The Sun temple was built on a rock that is illuminated on the summer solstice (my birthday). The Water Temple nearby boasted a fountain, still circulating fresh water from Incan built water channels, and the Temple of the Condor had a hidden path and stairwell through a colossal rock that leads one to the top of a throne with ceremonial niches encircling the magnificent view of the mountains.

Hiram Bingham’s team found over a hundred human skeletons (some mummified) of men, women, and children. It’s remote and grand location in the middle of a sacred valley, and the number of religious constructions highly suggest this place held spiritual significance and was an incredible exertion of power.

The highest point of the complex has two astonishing structures. The first being a compass carved out of the mountain, that points to the 4 cardinal directions. Following a large and steep staircase, we are taken to the “Astrological Tower” where exists a Sun Dial in near perfect condition( During the Spanish Conquest, all Sun Dials were destroyed), whose top points towards the four sacred peaks in the valley which was also pointing towards the four cardinal directions.

There were rocks that were in the shape of the sacred peaks that are in background. One was said to be a Sacred Rock, when touched one can feel the energy of the mountain. (Yes, I touched it and yes I felt something, but again, I was feeling the energy everywhere.)

Machu Picchu was built on top of an intricately designed drainage system, that not only brought fresh water into the city, but also drained water out, thus preventing the threat of collapse from torrential rains.  Archaeologists found over 100 of these channels situated throughout the complex further confirming the engineering genius of the Incas.

Archaeologists figure that in order to have made it to the top, the Incas began their building from the bottom. Recent excavations further down below the main sites and terraces of the complex, have led to the discovery of even more terraces and caves tombs.

There is a good idea of what was being built, but its purpose is not for certain. What is for certain, is that the building stopped abruptly.
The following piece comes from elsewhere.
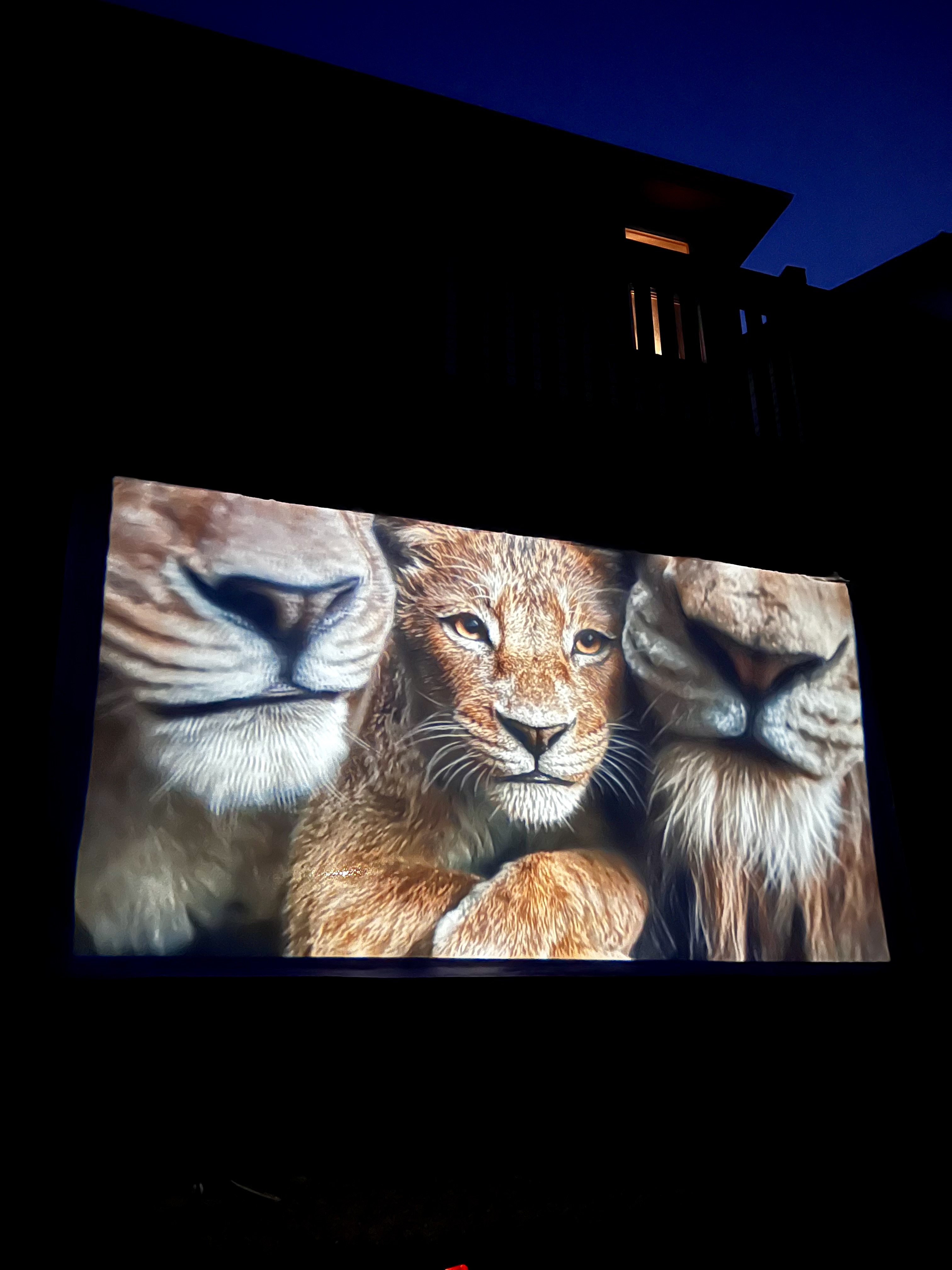 Night Owls cinema experience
Whether it was because of the spread of small pox that occurred, or the Incan civil war which both crippled the civilizations strength, and then the final destruction by the Spanish, this is something we will never know.

We climbed to the top of Huayna Picchu, which is not for those scared of heights. Once at the top though, the fear subsides and the surrounding splendours of nature took its place. The climb down was worse than the climb up. It was everything all over again, only this time looking down.

When I finally made it back to the main complex, I immersed myself in every possible structure I could make my way to. Imagining what this place was before Bingham’s discovery, and what it looked like when he walked through it for the first time almost 100 years ago, completely overtaken by wild vegetation… What was this place before Bingham’s discovery…?

I was stunned by the sublime views of sacred peaks following me everywhere I walked.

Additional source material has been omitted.